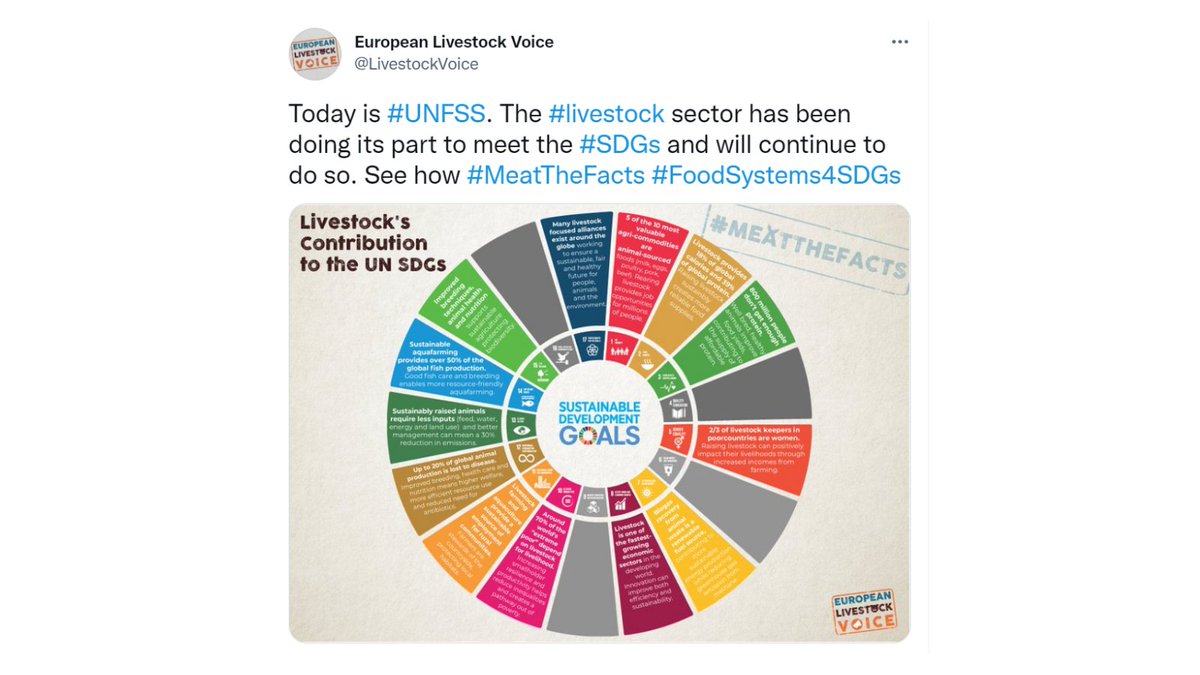 Sentient_Media's tweet photo. During #UNFSS2021, several #meat groups promoted #animal agriculture as a way to achieve @UN's #SDGsโa statement directly contradicted by a new report.
According to the #MeatAtlas 2021 by @boell_eu, meat production fuels the #ClimateCrisis and endangers global health.๐ 1/9 https://t.co/59teTeh4Ji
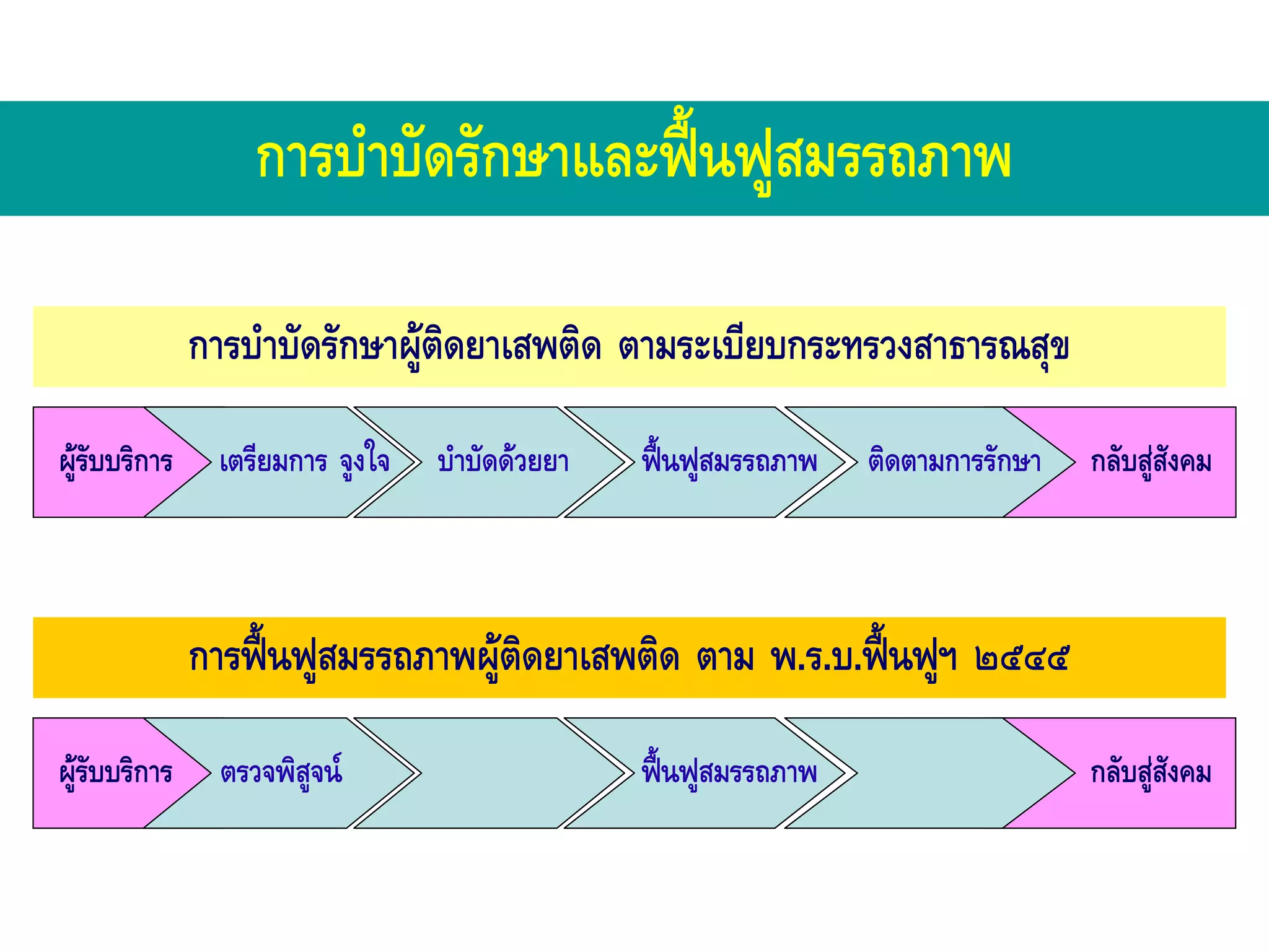 การบําบัดรักษาและฟนฟูสมรรถภาพ
                                      

               การบําบัดรักษาผูติดยาเสพติด ตามระเบียบกระทรวงสาธารณสุข
ผูรับบริการ    เตรียมการ จูงใจ   บําบัดดวยยา   ฟนฟูสมรรถภาพ
                                                                ติดตามการรักษา   กลับสูสังคม



               การฟนฟูสมรรถภาพผูติดยาเสพติด ตาม พ.ร.บ.ฟนฟูฯ ๒๕๔๕
ผูรับบริการ    ตรวจพิสูจน                      ฟนฟูสมรรถภาพ
                                                                                 กลับสูสังคม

□ □ □ □ □

Exercise requirements — The entire listing above is to be copied exactly, with all pictures omitted.

Written solution —
 Sentient_Media's tweet photo. During #UNFSS2021, several #meat groups promoted #animal agriculture as a way to achieve @UN's #SDGsโa statement directly contradicted by a new report.
According to the #MeatAtlas 2021 by @boell_eu, meat production fuels the #ClimateCrisis and endangers global health.๐ 1/9 https://t.co/59teTeh4Ji
 การบําบัดรักษาและฟนฟูสมรรถภาพ
                                      

               การบําบัดรักษาผูติดยาเสพติด ตามระเบียบกระทรวงสาธารณสุข
ผูรับบริการ    เตรียมการ จูงใจ   บําบัดดวยยา   ฟนฟูสมรรถภาพ
                                                                ติดตามการรักษา   กลับสูสังคม



               การฟนฟูสมรรถภาพผูติดยาเสพติด ตาม พ.ร.บ.ฟนฟูฯ ๒๕๔๕
ผูรับบริการ    ตรวจพิสูจน                      ฟนฟูสมรรถภาพ
                                                                                 กลับสูสังคม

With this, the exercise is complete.